Without fail, someone would grin and announce:
“Alors… on voit que Patrick s'entraîne pour le prochain Tour de France !” (“So… we see Patrick is training for the next Tour de France!”)
Everyone laughed.
Truth be told, I wasn't the only Patrick making waves in France that summer. The 1983 Tour had just been upended by a 22-year-old rookie named Laurent Fignon, with wire-rimmed glasses and a blond ponytail. I found myself fiercely rooting for him—partly for his fearless riding, but mostly because his full name was Laurent Patrick Fignon.
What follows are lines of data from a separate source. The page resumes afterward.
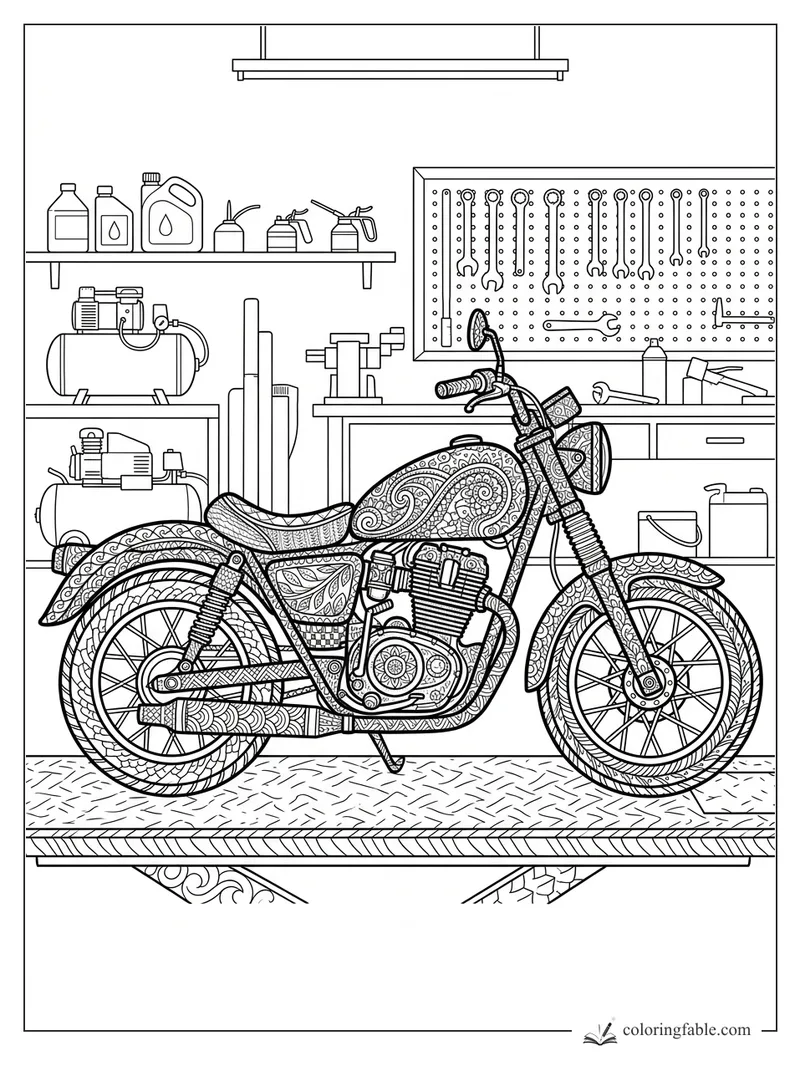 Intricate zentangle motorcycle on a repair lift with tools, oil cans, wrenches, and garage shelves.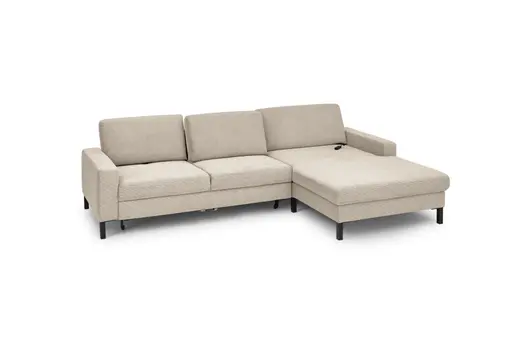  Ecksofa CALM MOVE 2.0 - 2,5-Sitzer mit Longchair rechts, Schlaffunktion, Feincord, Sand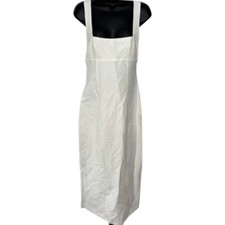 Zara Dress Sz M Ecru Linen Blend Midi Old Money Nouveau Riche Bridal Beach
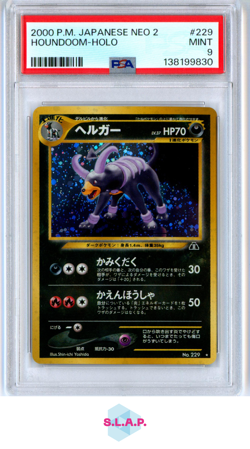 HOUNDOOM-HOLO POKEMON JAPANESE NEO 2 2000 229 PSA 9 - Image 1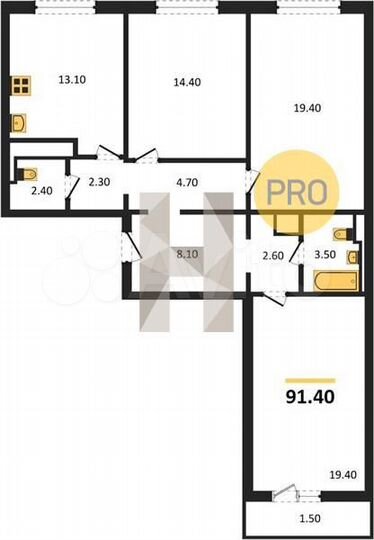 3-к. квартира, 91,4 м², 18/18 эт.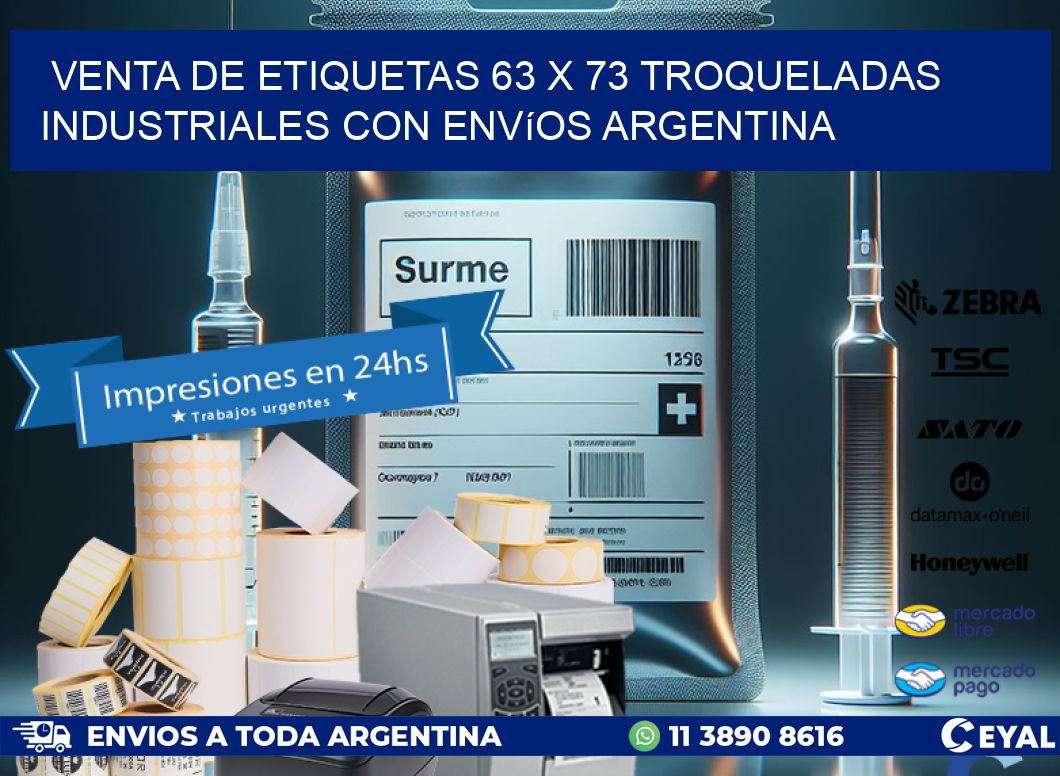 Venta de etiquetas 63 x 73 troqueladas industriales con envíos Argentina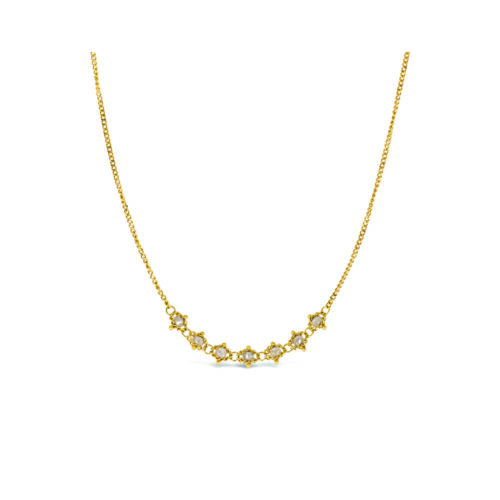 Petite Textile silver diamond necklace with approximately .70 cttw. Beads are 4mm, on an 18K gold adjustable chain (16"-18").
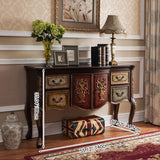 Elegant Traditional Vintage Rubberwood Rectangular Console Table With 4 Drawers And Cabinet – Ideal For Entryway, Living Room, Or Bedroom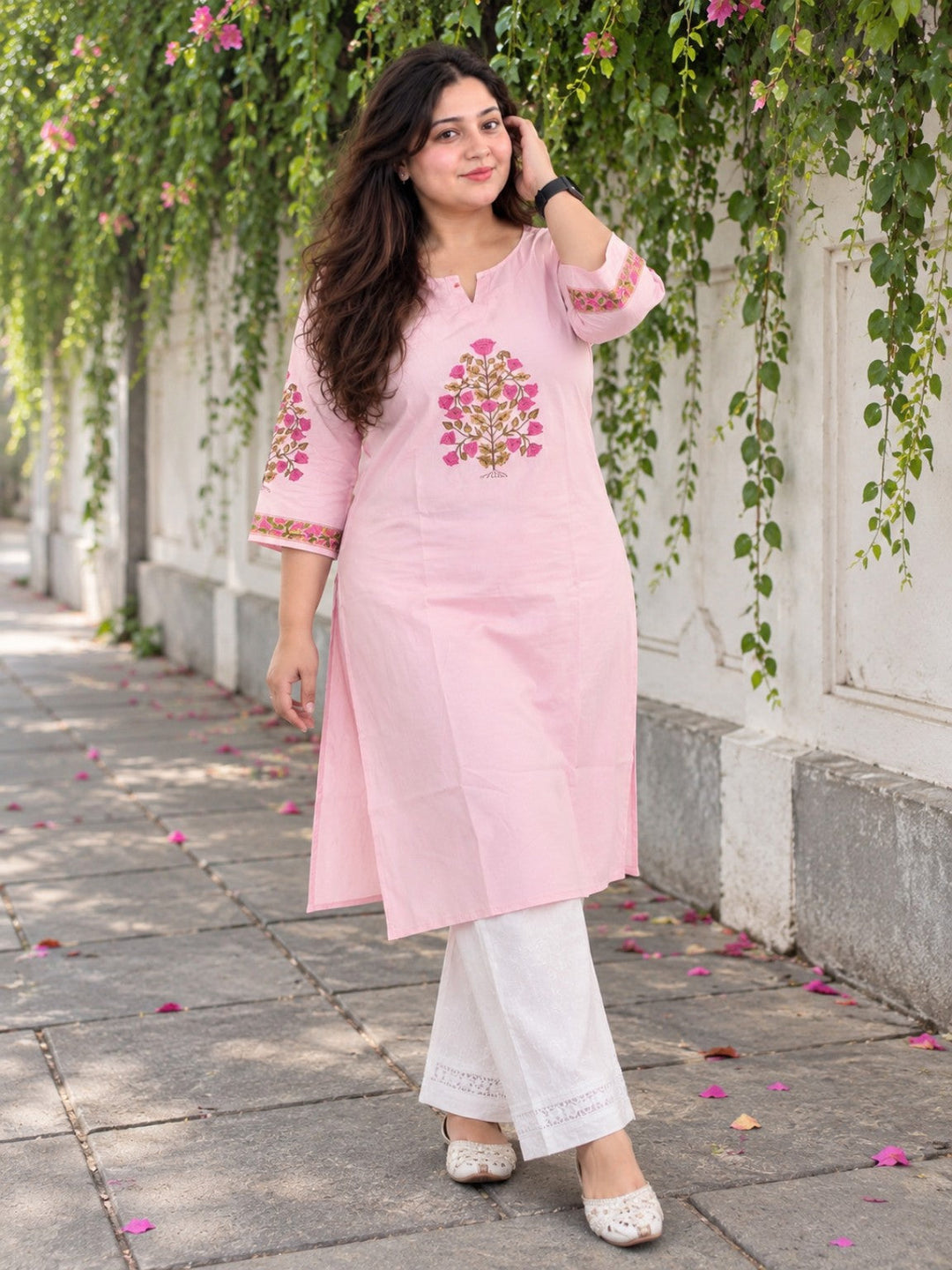 Blush Pink Tree of Life Pooja Kurta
If a Patrick could win the greatest race on earth, I figured I should at least do my part on the Motobécane.
Then came the question.
“How far did you ride today?”
I’d answer, “About fifteen miles.”
Silence . . .
In America, that sounded respectable. Around a French lunch table? Miles might as well have been measured in bananas.
So I’d frantically start doing mental arithmetic.
“Uh… about twenty-four kilometers.”
That usually earned a few approving nods. Apparently, kilometers sounded much more impressive.
I decided to embrace the joke. If everyone insisted I was training for the Tour, I figured I needed the proper wardrobe. So I wandered into a bicycle shop in La Rochelle, determined to buy the iconic Maillot Jaune—the Yellow Jersey.
That’s when I learned a lesson in French cycling culture. The shop owner looked at me with the expression usually reserved for someone asking whether they could buy an Olympic gold medal.
Non.
The Yellow Jersey wasn’t a souvenir. You earned it.
The Maillot Jaune has symbolized the leader of the Tour de France since 1919, when race organizers chose yellow because it matched the color of the newspaper, L’Auto, that created and sponsored the race. More than a century later, it’s still the most recognizable jersey in cycling—and in France, it carries a certain reverence.
No amount of francs would allow me to buy one. Properly humbled, I bought a simple red-and-white jersey instead. No sponsors. No logos. No borrowed glory.
Probably for the best.
When it came time to leave France, Uncle Jean Paul handed me something far more meaningful than anything I could have bought.
A simple plastic Contrex water bottle.
It had been tossed by a Tour de France rider as the peloton thundered through the region, scooped up by my uncle, and saved. To anyone else, it was an old water bottle. To me, it was a tiny piece of cycling history.
Holding that bottle made me feel, in the smallest way, connected to a race that has captivated fans since 1903, one that crosses impossible mountain passes and creates legends whose names are woven into the sport.
These days, the sting of losing my Mercier has finally faded.
The Motobécane belongs to memory, but my Raleigh Competition still hangs in my garage, exactly where it’s been since about 1998.
Every time I see it hanging in the rafters, I tell myself, “Maybe–this is the year.” Then I glance at those old racing gears and remember they were designed by people who apparently believed hills were character-building exercises. My carbon-fiber Trek, with its modern gearing, is considerably more forgiving—and so, frankly, are my knees.
But hanging there with the Raleigh is that old Contrex water bottle.
It’s still one of my most treasured possessions, not because it’s valuable, but because every time I see it, I’m reminded of sunrise rides through endless sunflower fields, the unmistakable feel of French steel beneath me, family laughter around a crowded lunch table, and one unforgettable summer spent chasing the Tour—even if the Tour never knew I was chasing it.